### To do
Each line from the one containing "Chopped avocado in" to the end of the listing below must be retyped exactly, with no line left out and none added.

### Source records

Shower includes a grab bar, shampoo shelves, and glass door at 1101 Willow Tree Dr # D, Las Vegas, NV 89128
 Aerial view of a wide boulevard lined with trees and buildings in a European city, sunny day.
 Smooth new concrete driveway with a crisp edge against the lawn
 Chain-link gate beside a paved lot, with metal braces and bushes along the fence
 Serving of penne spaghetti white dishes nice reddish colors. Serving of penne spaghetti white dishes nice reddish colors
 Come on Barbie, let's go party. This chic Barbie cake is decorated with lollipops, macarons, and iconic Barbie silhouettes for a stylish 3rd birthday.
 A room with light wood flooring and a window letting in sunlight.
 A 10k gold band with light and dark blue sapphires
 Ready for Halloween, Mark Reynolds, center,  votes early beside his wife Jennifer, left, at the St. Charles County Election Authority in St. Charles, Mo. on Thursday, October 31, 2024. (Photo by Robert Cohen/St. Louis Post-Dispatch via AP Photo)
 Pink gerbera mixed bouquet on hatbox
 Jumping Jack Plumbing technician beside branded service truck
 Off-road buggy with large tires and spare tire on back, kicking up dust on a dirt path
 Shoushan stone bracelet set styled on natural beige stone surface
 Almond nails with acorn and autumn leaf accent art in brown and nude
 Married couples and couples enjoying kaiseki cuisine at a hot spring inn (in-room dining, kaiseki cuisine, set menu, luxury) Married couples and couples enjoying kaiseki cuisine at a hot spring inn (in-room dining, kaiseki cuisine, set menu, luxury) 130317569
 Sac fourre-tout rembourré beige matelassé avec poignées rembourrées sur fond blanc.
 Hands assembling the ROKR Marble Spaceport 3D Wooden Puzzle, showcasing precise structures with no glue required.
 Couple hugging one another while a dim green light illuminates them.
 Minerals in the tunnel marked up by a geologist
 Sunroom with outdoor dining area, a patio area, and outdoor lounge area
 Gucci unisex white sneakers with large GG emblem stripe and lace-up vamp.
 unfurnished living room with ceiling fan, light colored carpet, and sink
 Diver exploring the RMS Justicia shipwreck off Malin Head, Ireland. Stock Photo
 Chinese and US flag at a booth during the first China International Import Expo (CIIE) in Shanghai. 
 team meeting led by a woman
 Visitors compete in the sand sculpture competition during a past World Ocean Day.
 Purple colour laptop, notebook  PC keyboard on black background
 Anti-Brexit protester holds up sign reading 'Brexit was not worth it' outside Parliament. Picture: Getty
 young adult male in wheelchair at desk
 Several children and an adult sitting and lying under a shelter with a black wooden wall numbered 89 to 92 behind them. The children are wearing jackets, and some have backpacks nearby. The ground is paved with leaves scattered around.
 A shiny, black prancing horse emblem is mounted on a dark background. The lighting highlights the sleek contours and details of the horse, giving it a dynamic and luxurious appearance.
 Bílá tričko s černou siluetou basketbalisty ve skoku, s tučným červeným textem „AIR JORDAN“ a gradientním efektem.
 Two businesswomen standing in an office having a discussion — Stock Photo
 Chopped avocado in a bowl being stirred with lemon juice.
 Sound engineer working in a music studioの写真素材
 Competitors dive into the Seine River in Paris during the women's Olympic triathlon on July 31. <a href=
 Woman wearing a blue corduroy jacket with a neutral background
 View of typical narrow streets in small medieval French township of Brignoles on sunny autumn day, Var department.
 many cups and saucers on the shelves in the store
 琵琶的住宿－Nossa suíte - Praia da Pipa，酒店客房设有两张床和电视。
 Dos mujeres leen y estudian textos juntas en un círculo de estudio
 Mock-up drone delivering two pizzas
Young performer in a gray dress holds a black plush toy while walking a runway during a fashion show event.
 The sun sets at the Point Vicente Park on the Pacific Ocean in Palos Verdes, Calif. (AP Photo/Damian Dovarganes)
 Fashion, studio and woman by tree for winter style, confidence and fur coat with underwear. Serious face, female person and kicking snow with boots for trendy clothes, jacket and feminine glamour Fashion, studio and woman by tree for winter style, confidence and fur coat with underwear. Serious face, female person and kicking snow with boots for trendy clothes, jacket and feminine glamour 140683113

### The completed task
 Chopped avocado in a bowl being stirred with lemon juice.
 Sound engineer working in a music studioの写真素材
 Competitors dive into the Seine River in Paris during the women's Olympic triathlon on July 31. <a href=
 Woman wearing a blue corduroy jacket with a neutral background
 View of typical narrow streets in small medieval French township of Brignoles on sunny autumn day, Var department.
 many cups and saucers on the shelves in the store
 琵琶的住宿－Nossa suíte - Praia da Pipa，酒店客房设有两张床和电视。
 Dos mujeres leen y estudian textos juntas en un círculo de estudio
 Mock-up drone delivering two pizzas
Young performer in a gray dress holds a black plush toy while walking a runway during a fashion show event.
 The sun sets at the Point Vicente Park on the Pacific Ocean in Palos Verdes, Calif. (AP Photo/Damian Dovarganes)
 Fashion, studio and woman by tree for winter style, confidence and fur coat with underwear. Serious face, female person and kicking snow with boots for trendy clothes, jacket and feminine glamour Fashion, studio and woman by tree for winter style, confidence and fur coat with underwear. Serious face, female person and kicking snow with boots for trendy clothes, jacket and feminine glamour 140683113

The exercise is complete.